Every entry must appear in the answer exactly as it does here.

- **Brief descriptive captions**

——————————

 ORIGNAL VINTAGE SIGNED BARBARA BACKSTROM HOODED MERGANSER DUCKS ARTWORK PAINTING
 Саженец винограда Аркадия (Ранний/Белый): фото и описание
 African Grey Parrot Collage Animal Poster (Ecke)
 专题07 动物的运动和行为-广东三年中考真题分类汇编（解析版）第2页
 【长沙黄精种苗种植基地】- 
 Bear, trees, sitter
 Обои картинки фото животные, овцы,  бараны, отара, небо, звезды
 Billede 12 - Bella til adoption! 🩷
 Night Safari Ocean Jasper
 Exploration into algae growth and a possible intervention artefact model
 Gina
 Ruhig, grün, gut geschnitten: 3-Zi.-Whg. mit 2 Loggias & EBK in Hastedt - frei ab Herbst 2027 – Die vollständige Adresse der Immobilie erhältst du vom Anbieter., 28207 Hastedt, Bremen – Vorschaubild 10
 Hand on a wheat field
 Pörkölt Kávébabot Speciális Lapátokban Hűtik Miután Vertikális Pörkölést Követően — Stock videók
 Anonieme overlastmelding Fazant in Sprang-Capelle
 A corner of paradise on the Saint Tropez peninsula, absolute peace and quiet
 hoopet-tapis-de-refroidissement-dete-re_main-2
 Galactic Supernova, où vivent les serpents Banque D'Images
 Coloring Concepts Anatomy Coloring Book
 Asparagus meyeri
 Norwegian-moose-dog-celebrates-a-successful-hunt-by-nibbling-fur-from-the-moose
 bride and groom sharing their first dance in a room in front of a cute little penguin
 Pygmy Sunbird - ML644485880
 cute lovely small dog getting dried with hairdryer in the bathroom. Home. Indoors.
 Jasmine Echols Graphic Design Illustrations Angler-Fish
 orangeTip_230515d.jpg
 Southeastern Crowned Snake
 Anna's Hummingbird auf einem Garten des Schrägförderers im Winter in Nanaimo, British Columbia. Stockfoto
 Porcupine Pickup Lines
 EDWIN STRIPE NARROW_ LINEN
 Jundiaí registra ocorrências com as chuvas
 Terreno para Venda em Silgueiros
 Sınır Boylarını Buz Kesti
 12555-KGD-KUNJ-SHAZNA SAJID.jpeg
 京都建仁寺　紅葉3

——————————

- **YOUR SOLUTION**
 ORIGNAL VINTAGE SIGNED BARBARA BACKSTROM HOODED MERGANSER DUCKS ARTWORK PAINTING
 Саженец винограда Аркадия (Ранний/Белый): фото и описание
 African Grey Parrot Collage Animal Poster (Ecke)
 专题07 动物的运动和行为-广东三年中考真题分类汇编（解析版）第2页
 【长沙黄精种苗种植基地】- 
 Bear, trees, sitter
 Обои картинки фото животные, овцы,  бараны, отара, небо, звезды
 Billede 12 - Bella til adoption! 🩷
 Night Safari Ocean Jasper
 Exploration into algae growth and a possible intervention artefact model
 Gina
 Ruhig, grün, gut geschnitten: 3-Zi.-Whg. mit 2 Loggias & EBK in Hastedt - frei ab Herbst 2027 – Die vollständige Adresse der Immobilie erhältst du vom Anbieter., 28207 Hastedt, Bremen – Vorschaubild 10
 Hand on a wheat field
 Pörkölt Kávébabot Speciális Lapátokban Hűtik Miután Vertikális Pörkölést Követően — Stock videók
 Anonieme overlastmelding Fazant in Sprang-Capelle
 A corner of paradise on the Saint Tropez peninsula, absolute peace and quiet
 hoopet-tapis-de-refroidissement-dete-re_main-2
 Galactic Supernova, où vivent les serpents Banque D'Images
 Coloring Concepts Anatomy Coloring Book
 Asparagus meyeri
 Norwegian-moose-dog-celebrates-a-successful-hunt-by-nibbling-fur-from-the-moose
 bride and groom sharing their first dance in a room in front of a cute little penguin
 Pygmy Sunbird - ML644485880
 cute lovely small dog getting dried with hairdryer in the bathroom. Home. Indoors.
 Jasmine Echols Graphic Design Illustrations Angler-Fish
 orangeTip_230515d.jpg
 Southeastern Crowned Snake
 Anna's Hummingbird auf einem Garten des Schrägförderers im Winter in Nanaimo, British Columbia. Stockfoto
 Porcupine Pickup Lines
 EDWIN STRIPE NARROW_ LINEN
 Jundiaí registra ocorrências com as chuvas
 Terreno para Venda em Silgueiros
 Sınır Boylarını Buz Kesti
 12555-KGD-KUNJ-SHAZNA SAJID.jpeg
 京都建仁寺　紅葉3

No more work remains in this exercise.